I have a homework problem that asks me to describe a program for a non deterministic Turing Machine that accepts L = {a^n: n is prime}. I'm not sure on how to go about this. do i know n? do i use the as as unary digits and count them? can i just ignore the string, and just test for the primarily of n? or are the prime values known, and thus only those cell locations are accepting states, and i can just read in the data like normal?
how should i go about this?
First you could use a memory location somewhere to flag whether the string has been found to be of prime length or not, and then do more or less what Ness suggested (although I don't really understand his answer in its entirety).
Use the Sieve of Eratosthenes. Start with a helper string of length 2, and move one right in the input string and the helper string, returning to the start of the helper string when you hit the end character of the helper string, until you hit the end character of the input string. In this way, you can see if the helper string divides the input string. Then move on to a helper string of length 3 and do the same, and so on. Only if none of the helper string lengths divide the input string length is the input string length prime. If one helper string length DOES divide the input string length, use your flag memory slot to show that. And have the algorithm check the flag memory slot, and if it's flagged, abort all processing so that the string can be rejected.
Now, at any point while iterating over the input allow a non-deterministic jump out of the inner loop so the machine can begin testing the helper string of the next length. In this way, in a sense, helper strings of all length will be being tested simultaneously, but when your flag slot is flagged, they all cease processing and reject the string.
One final problem. Strings might get accepted before (although time is sort of a non-concept here) they are found to be non-prime. If you can figure out that problem, you're one step ahead of me.
P.S. Drineas is evil
You can put actual unlimited Sieve of Eratosthenes to the left of your origin point, on tape.
Non-determinism allows you to have more than one transition rule for each state.

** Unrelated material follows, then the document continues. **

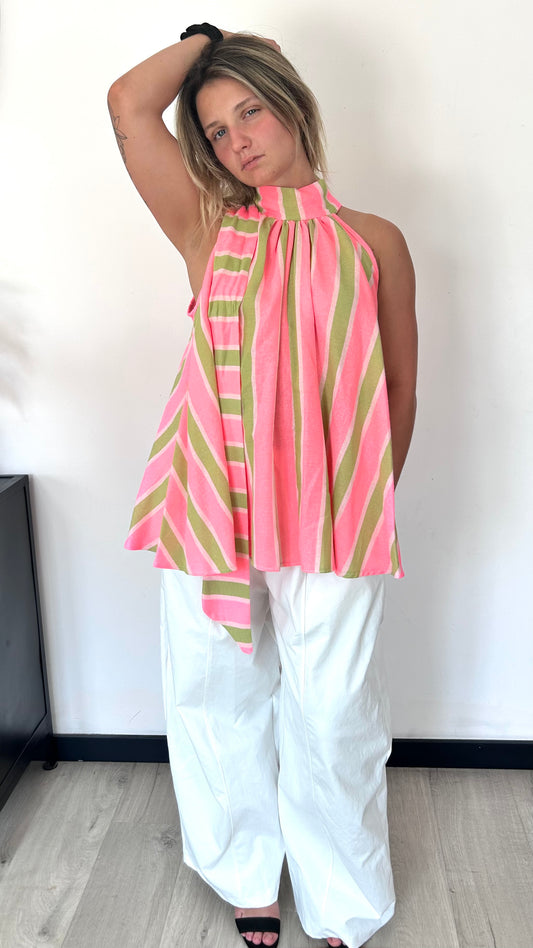 Top Dos Noué HAVA – Rose & Vert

So when going left in increments of n, you can at each point either a. continue going left and marking the tape, in increments of n; or b. start over from the origin point, with the next n.
Then have your starting state with two rules (perhaps after checking that all you got on tape are only as and nothing else): a. start marking multiples of 2, and b. (now assuming sieve is already in place) count your as and use the marked primes to the left of origin, to decide whether to accept.
So your initial tape, ........aaaaaaa......... would become in the end something like .c.ccccc.ccc.c.ccc.c.ccc[p]cpcpp.OaaaaaaaA...x.y.z... (with [] marking the final head position on tape).